=== Section Start ===

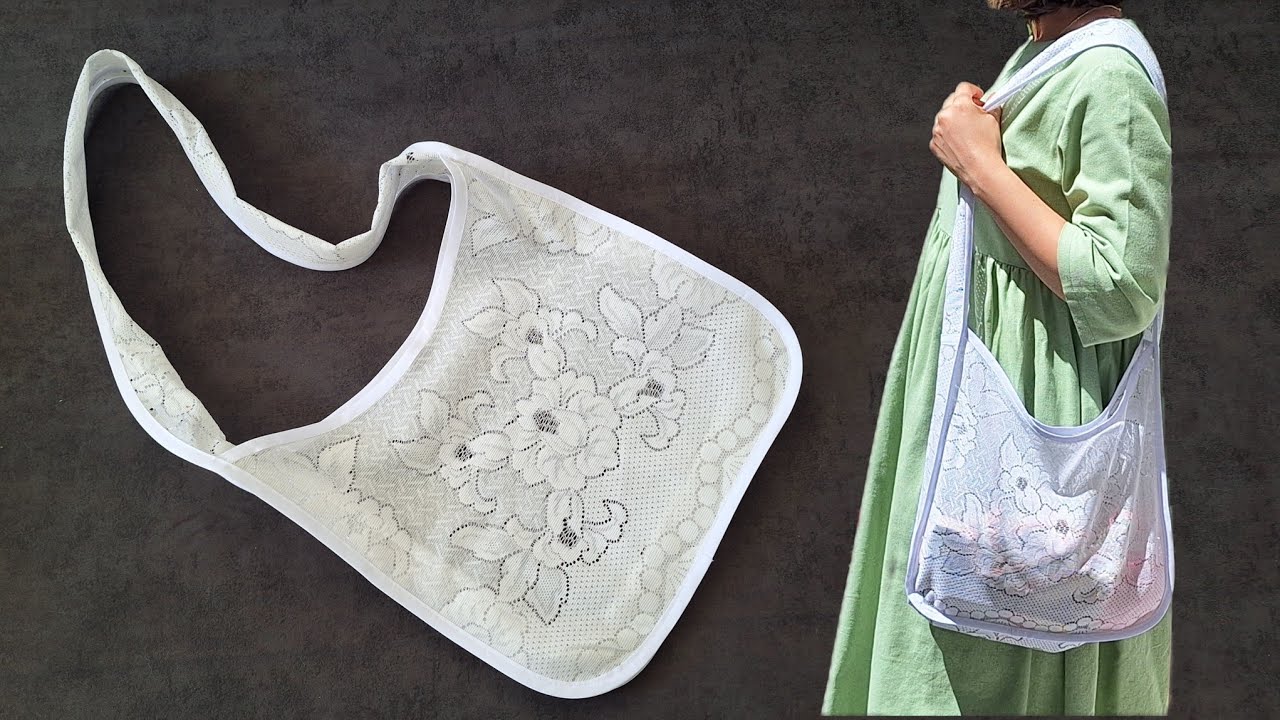How to sew vintage Lace Tote Bag | Turn an Old Tablecloth into a Chic Bag!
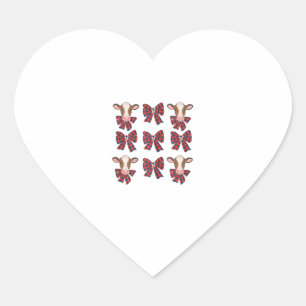 Coquette Bow Christmas Highland Cow Santa Cute Xma Heart Sticker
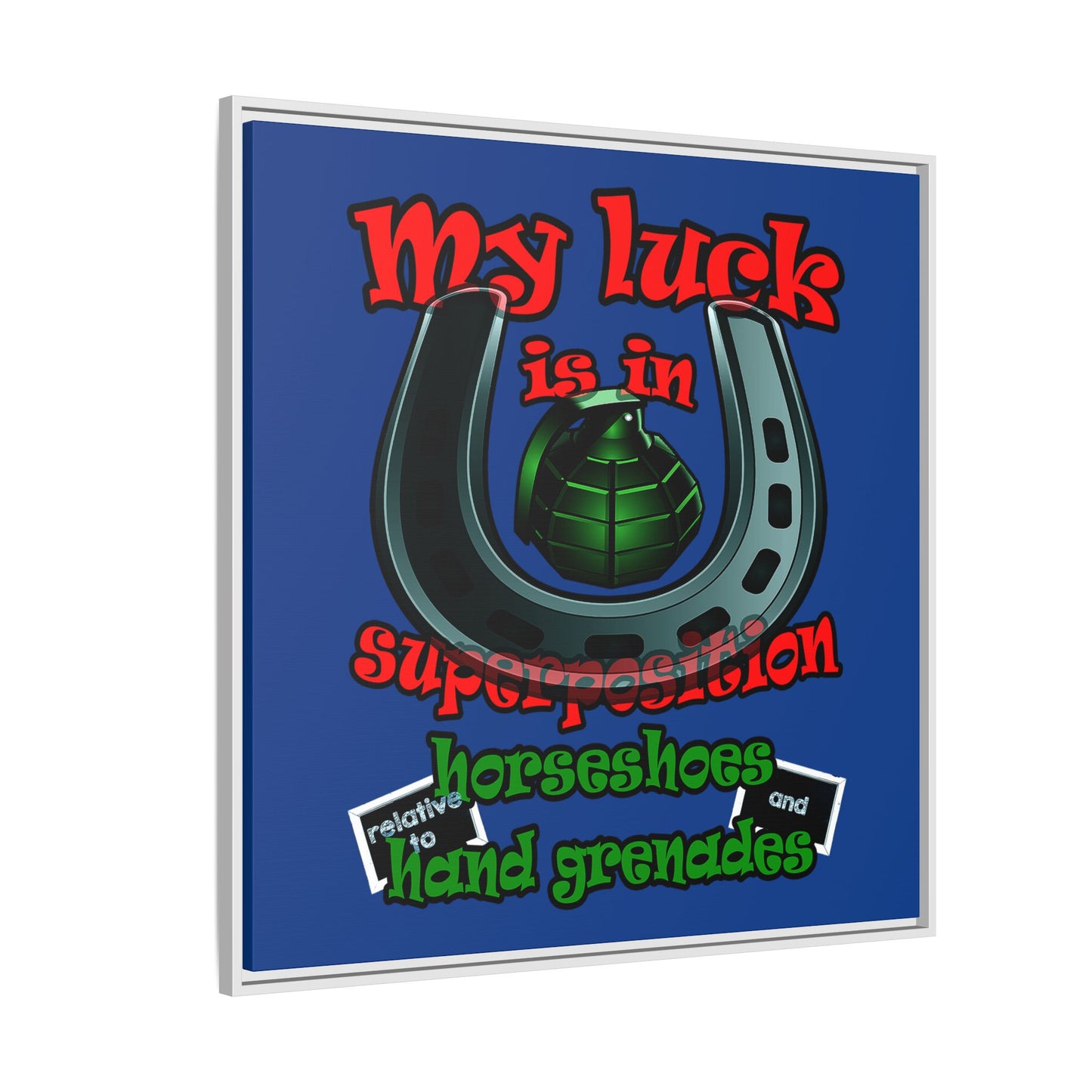 my luck - framed canvas art (dark blue)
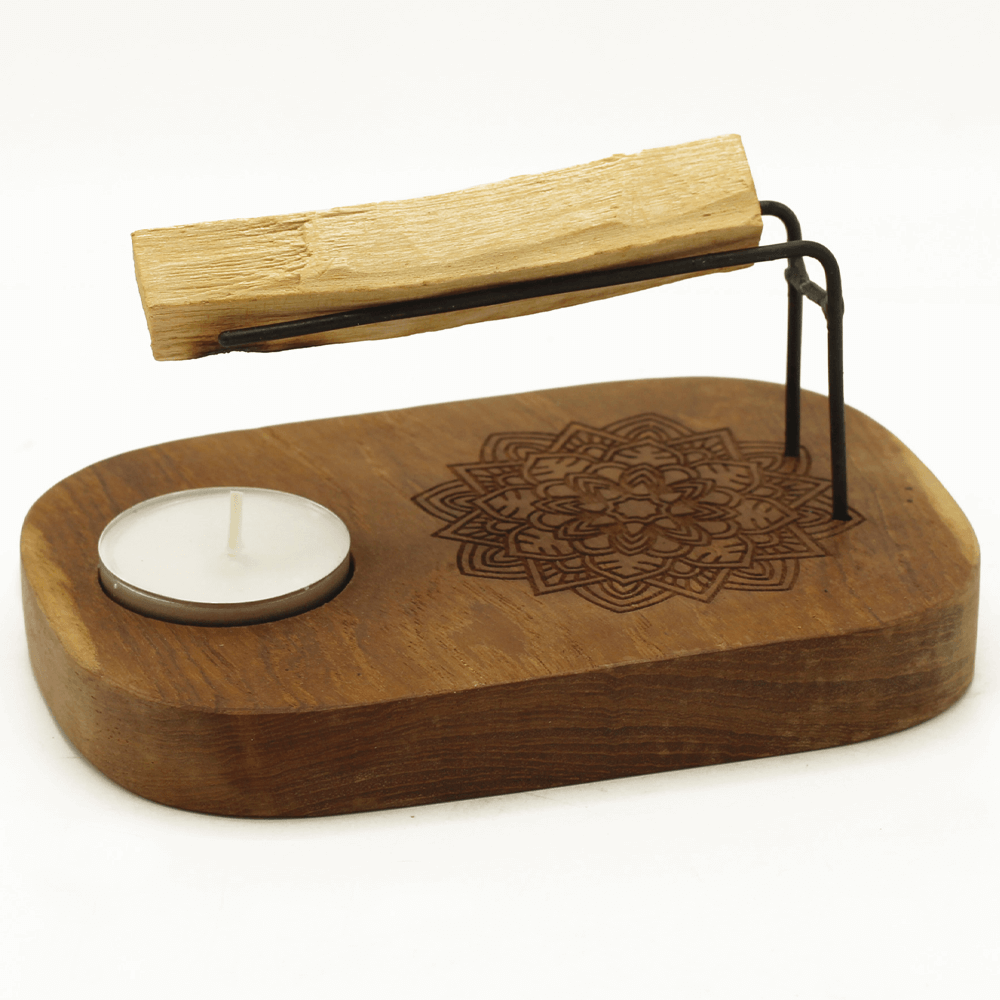 Ξύλινος Καυστήρας/Βάση ρεσώ «Yin & Yang» για καύση Palo Santo Διαστάσεις: 15x6x7 cm - mykarma.gr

=== Section End ===

» WHAT YOU NEED TO DO
Copy nothing but the lines above from the one with "Coquette Bow Christmas" through the end of the material, word for word, and drop the pictures.

» EXPECTED OUTPUT
 Coquette Bow Christmas Highland Cow Santa Cute Xma Heart Sticker
 my luck - framed canvas art (dark blue)
 Ξύλινος Καυστήρας/Βάση ρεσώ «Yin & Yang» για καύση Palo Santo Διαστάσεις: 15x6x7 cm - mykarma.gr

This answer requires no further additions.